» Work request
Return all of the data exactly, omitting any images.

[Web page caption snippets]
Start of Block

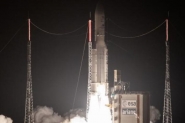 انطلاق مركبة الفضاء «بيبي كولومبو» صوب كوكب عطارد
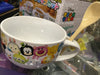 Disney's Tsum Tsum Ceremic Bowl and Spoon Set (In-stock)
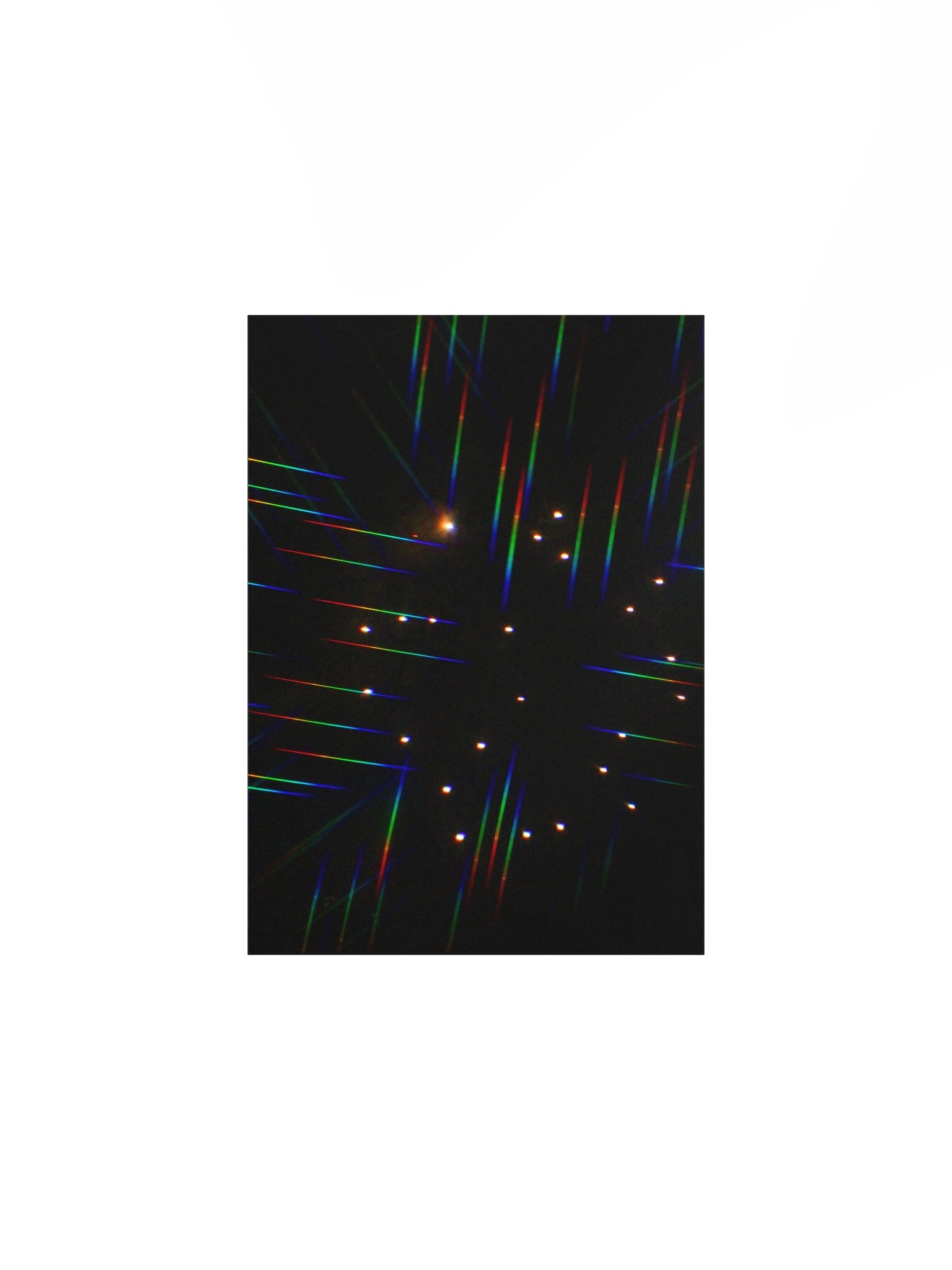 Fireworks Through 3D Glasses 4 product image (1)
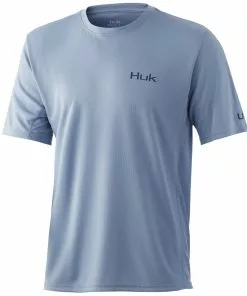 Huk Icon X Short Sleeve Mens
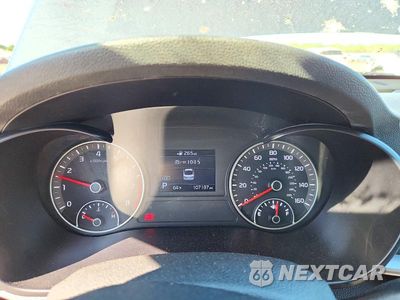 Zdjęcie 9 z 12 samochodu: 2020 KIA OPTIMA LX VIN:5XXGT4L33LG385110 - miniatura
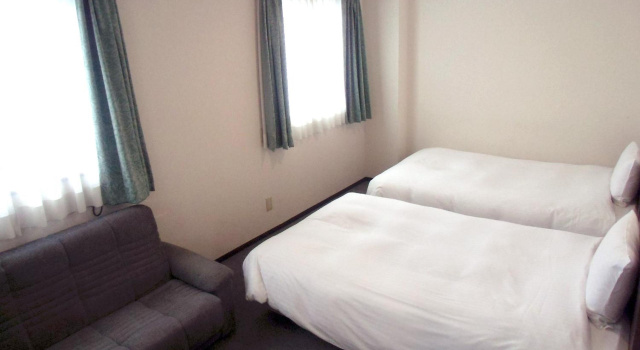 Hotel Green Line, Book Hotel Aoba Ward 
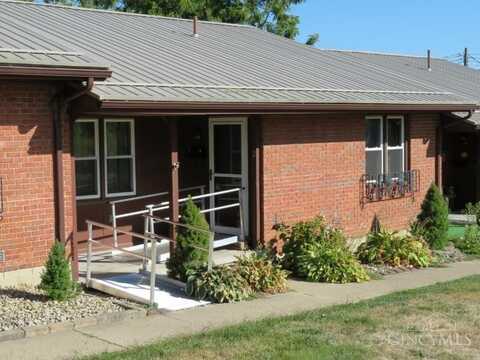 237 Walnut Street, Hillsboro, OH 45133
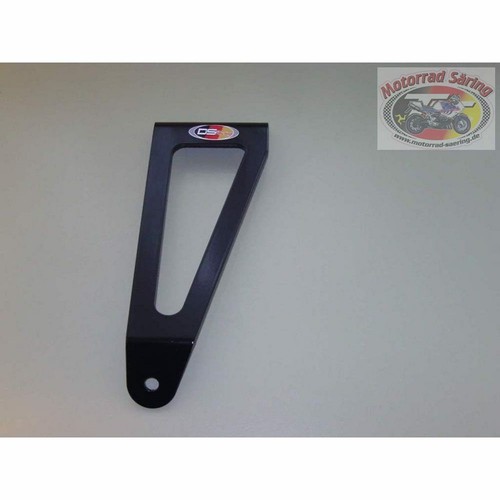 Racing auspuffhalter suzuki - racing,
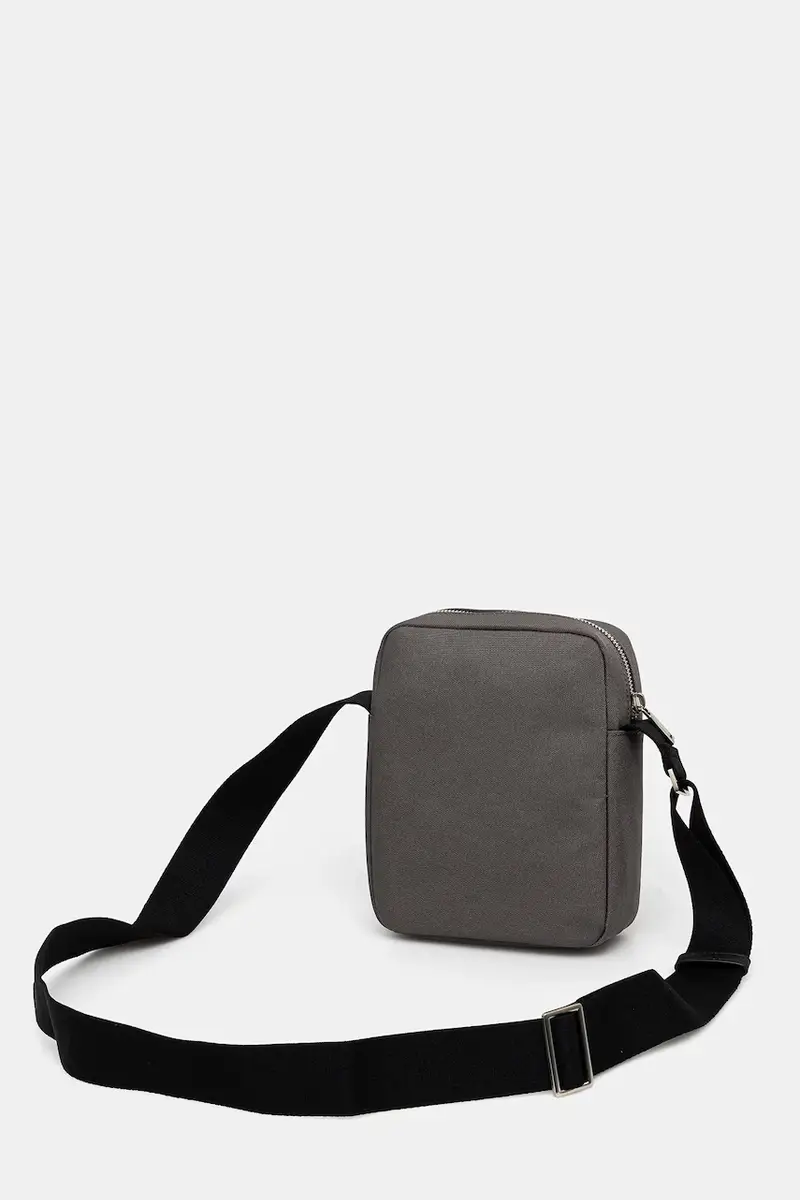 borsetta colore grigio LV04D3175G miniatura 2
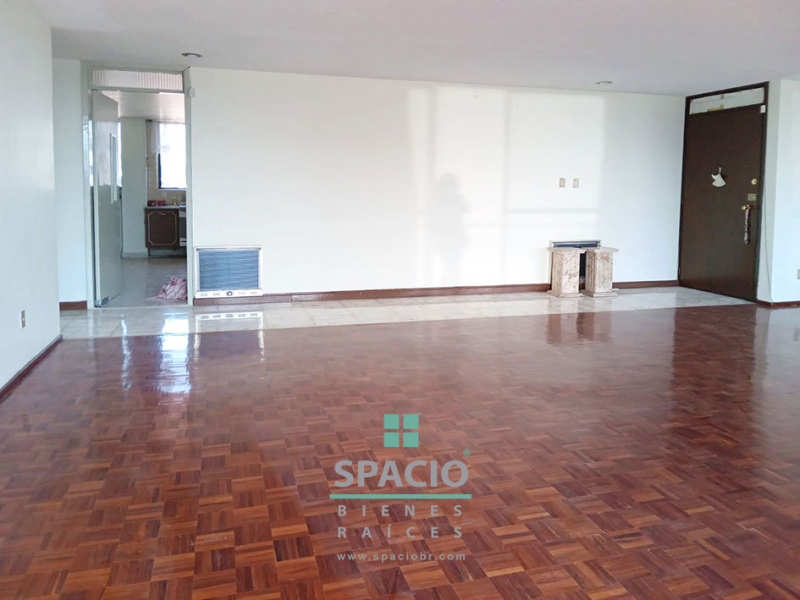 Departamento en Venta en Polanco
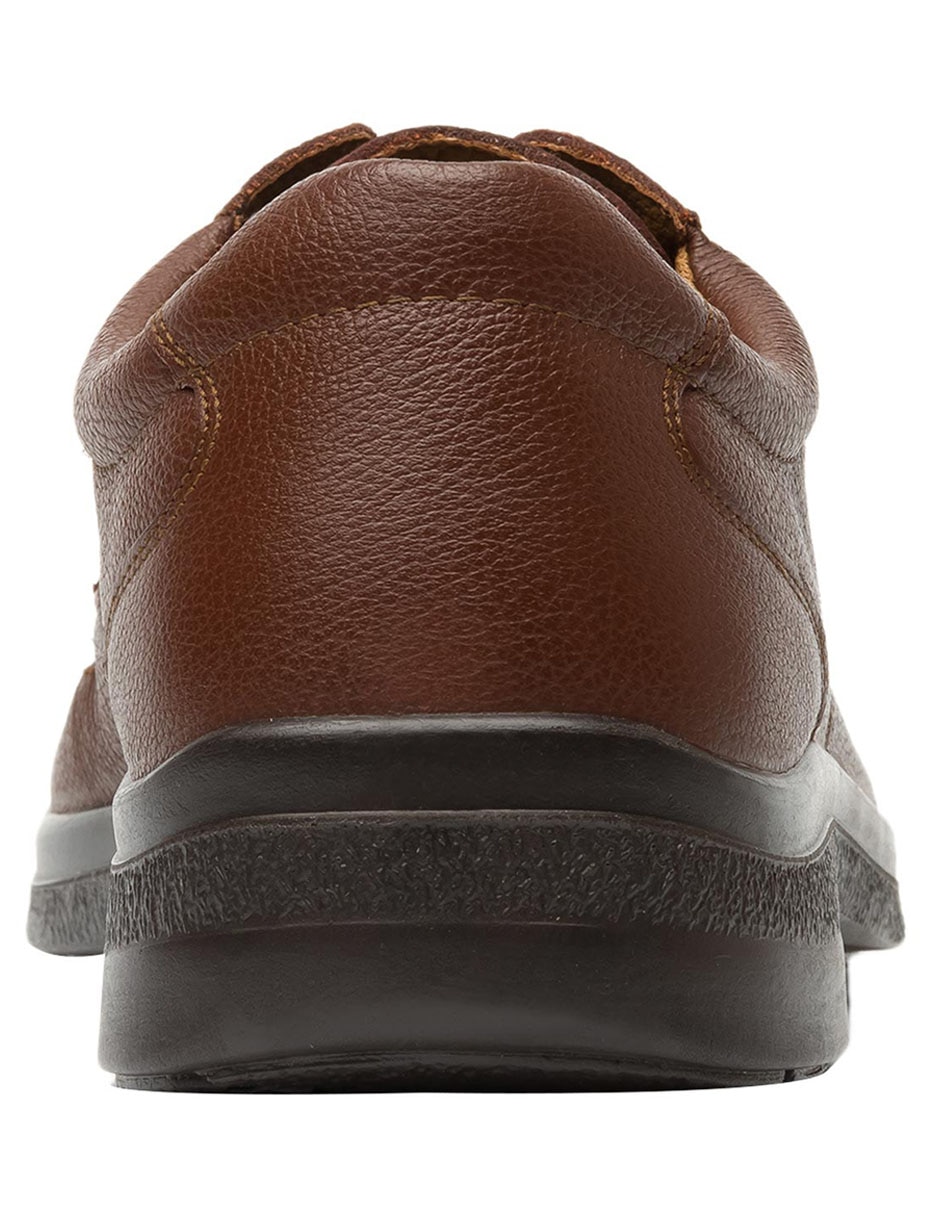 Zapato choclo para hombre 5
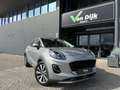 Ford Puma 1.0 Autom.EcoBoost Titanium X Panodak Navi Camera Grijs - thumbnail 1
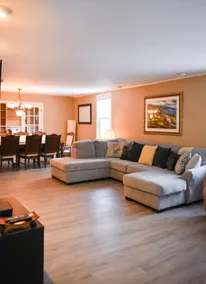 Spring Hollow Farm - Whole House - Image 2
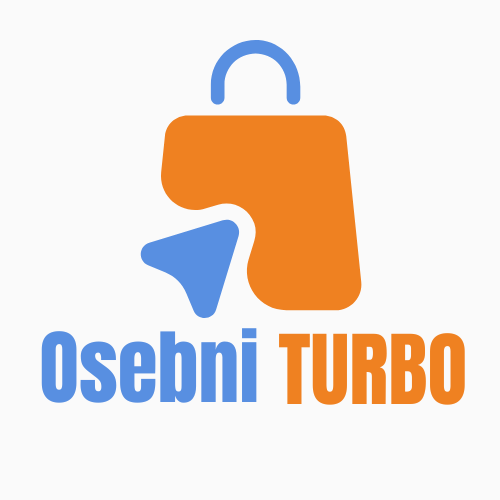 Osebni TURBO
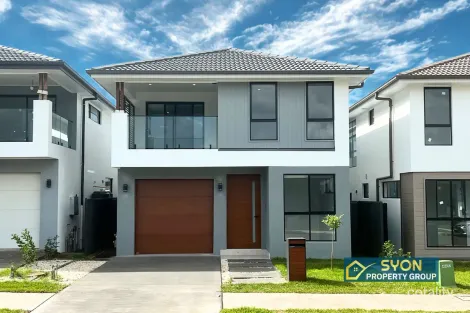 Property photo of 30 Garreffa Street Riverstone NSW 2765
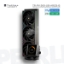 სურათი თხევადი გაგრილების სისტემა THERMAL RIGHT PEERLESS VISION 360 UB ARGB BLACK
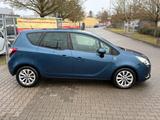 Opel Meriva B 1.4T Drive*KLIMAAT*SHZ*TEMPOM*MFL*PDC** - Opel Meriva: 1.4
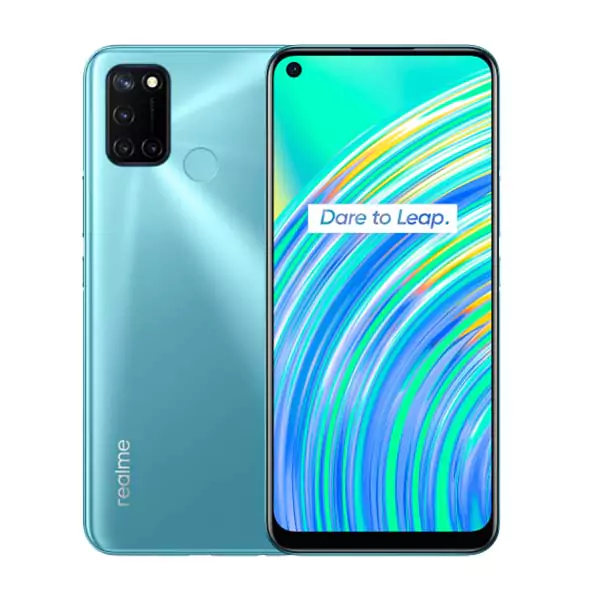 Realme C17 Price in Bangladesh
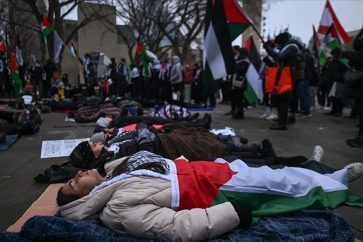 manifestacion-noruega-por-palestina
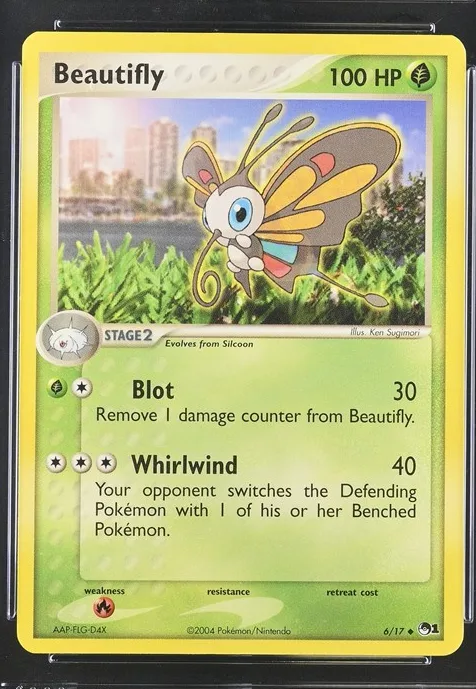Beautifly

End of Block

» Solution to this exercise
 انطلاق مركبة الفضاء «بيبي كولومبو» صوب كوكب عطارد
 Disney's Tsum Tsum Ceremic Bowl and Spoon Set (In-stock)
 Fireworks Through 3D Glasses 4 product image (1)
 Huk Icon X Short Sleeve Mens
 Zdjęcie 9 z 12 samochodu: 2020 KIA OPTIMA LX VIN:5XXGT4L33LG385110 - miniatura
 Hotel Green Line, Book Hotel Aoba Ward 
 237 Walnut Street, Hillsboro, OH 45133
 Racing auspuffhalter suzuki - racing,
 borsetta colore grigio LV04D3175G miniatura 2
 Departamento en Venta en Polanco
 Zapato choclo para hombre 5
 Ford Puma 1.0 Autom.EcoBoost Titanium X Panodak Navi Camera Grijs - thumbnail 1
 Spring Hollow Farm - Whole House - Image 2
 Osebni TURBO
 Property photo of 30 Garreffa Street Riverstone NSW 2765
 სურათი თხევადი გაგრილების სისტემა THERMAL RIGHT PEERLESS VISION 360 UB ARGB BLACK
 Opel Meriva B 1.4T Drive*KLIMAAT*SHZ*TEMPOM*MFL*PDC** - Opel Meriva: 1.4
 Realme C17 Price in Bangladesh
 manifestacion-noruega-por-palestina
Beautifly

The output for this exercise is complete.